- [Data section]:
= = = = =
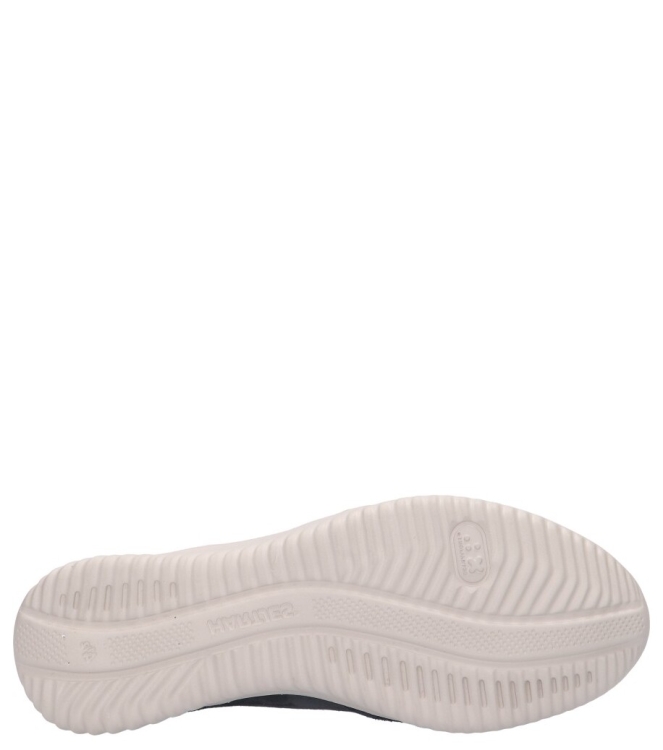 Hartjes Hartjes Sneaker <span>162.1144 47/47 Breeze</span> 47/47 dunkelblau Hartjes Sneaker <span>162.1144 47/47 Breeze</span> 162.1144 47/47 Breeze blauw - www.bremmerschoenen.nl - Bremmer Schoenen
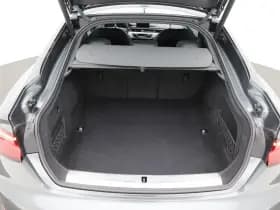 Audi A5 Sportback 1.4 TFSi Sport S-line Edition 150 Pk Automaat thumbnail 17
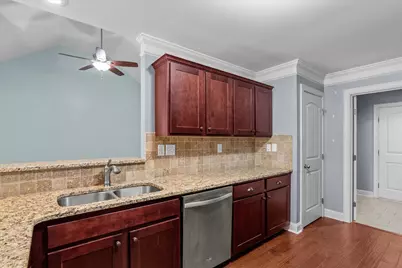 7519 Lucas Avenue, Evans, GA 30809 - Photo 31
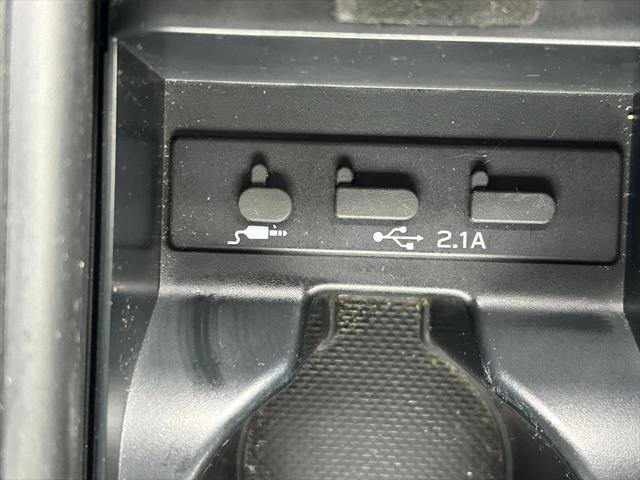 Certified 2023 Toyota GR86 Premium image 24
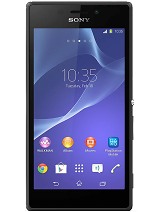 Best available price of Sony Xperia M2 in Ecuador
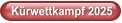 Kürwettkampf 2025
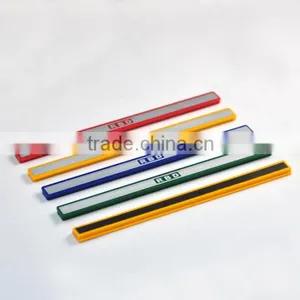 Red Magnetic Strip With Various Sizes thumbnail-1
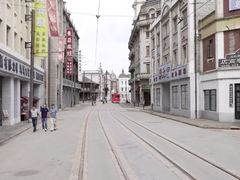 -上海影视乐园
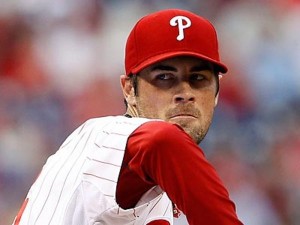 052411_Cole-Hamels_400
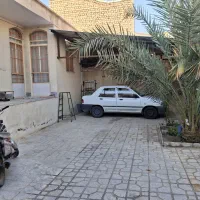 180 متری سند دار / شهرک فجر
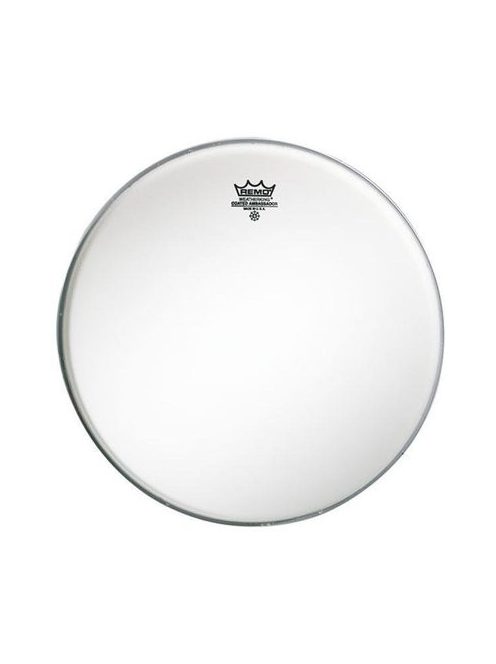 Remo Emperor dobbőr 14"-os-coated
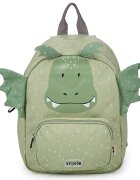TRIXIE Genti MISTER DRAGON 7.5L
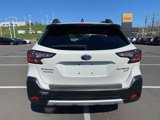 Used 2023 Subaru Outback Limited XT image 4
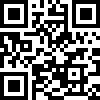 https://iscanews.ir/xf6r3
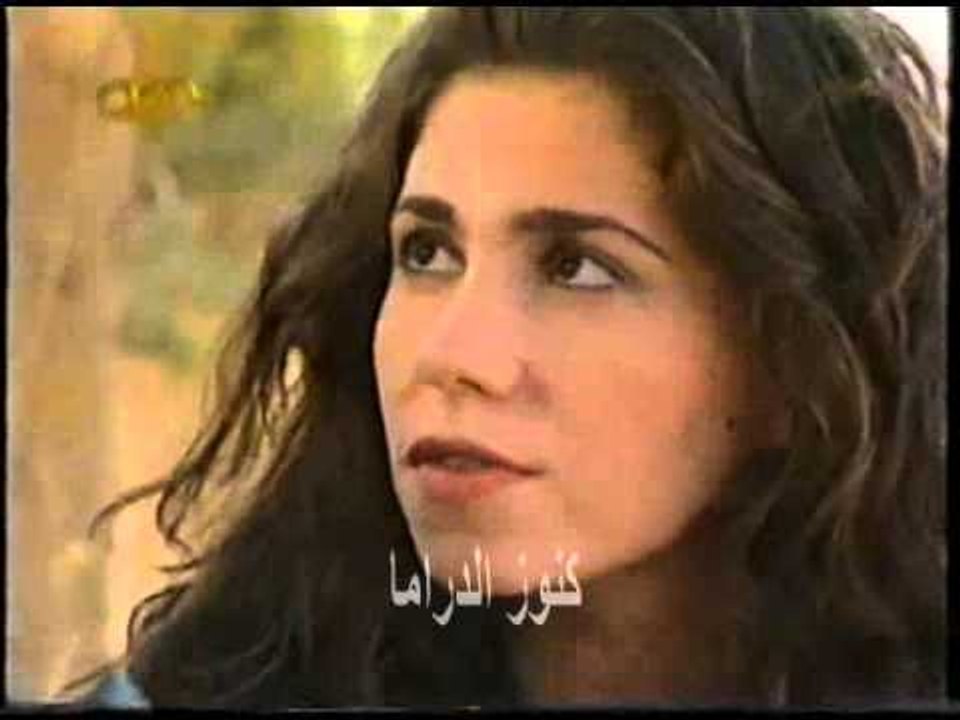 مسلسل ايام الغضب الحلقة 13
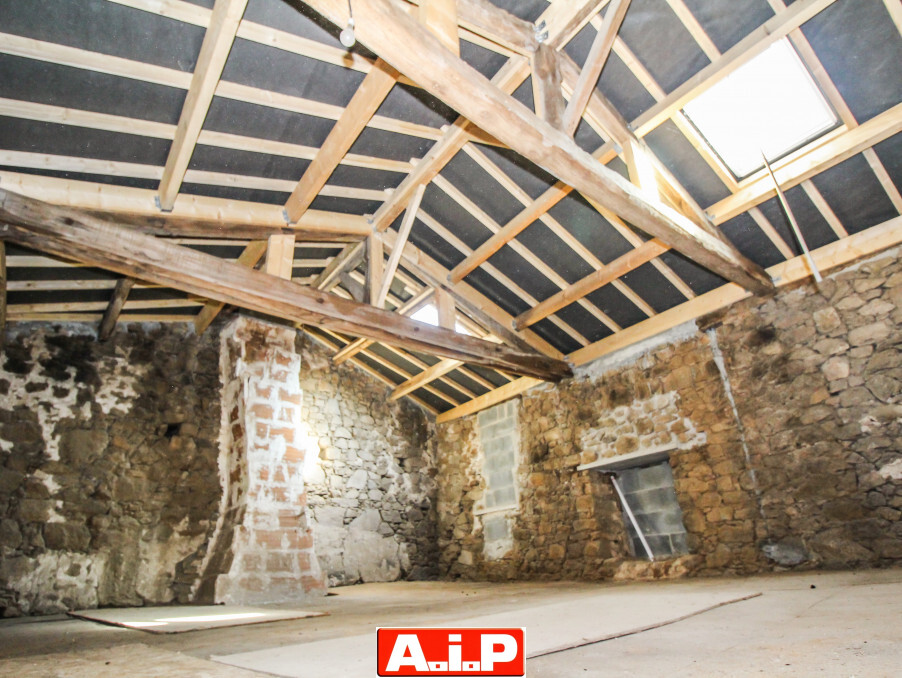 CERIZAY - CENTRE VILLE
= = = = =
Each entry above must come back exactly as written. Drop the images.

- [Solution for this exercise]:
 Hartjes Hartjes Sneaker <span>162.1144 47/47 Breeze</span> 47/47 dunkelblau Hartjes Sneaker <span>162.1144 47/47 Breeze</span> 162.1144 47/47 Breeze blauw - www.bremmerschoenen.nl - Bremmer Schoenen
 Audi A5 Sportback 1.4 TFSi Sport S-line Edition 150 Pk Automaat thumbnail 17
 7519 Lucas Avenue, Evans, GA 30809 - Photo 31
 Certified 2023 Toyota GR86 Premium image 24
 Best available price of Sony Xperia M2 in Ecuador
 Kürwettkampf 2025
 Red Magnetic Strip With Various Sizes thumbnail-1
 -上海影视乐园
 052411_Cole-Hamels_400
 180 متری سند دار / شهرک فجر
 Remo Emperor dobbőr 14"-os-coated
TRIXIE Genti MISTER DRAGON 7.5L
 Used 2023 Subaru Outback Limited XT image 4
 https://iscanews.ir/xf6r3
 مسلسل ايام الغضب الحلقة 13
 CERIZAY - CENTRE VILLE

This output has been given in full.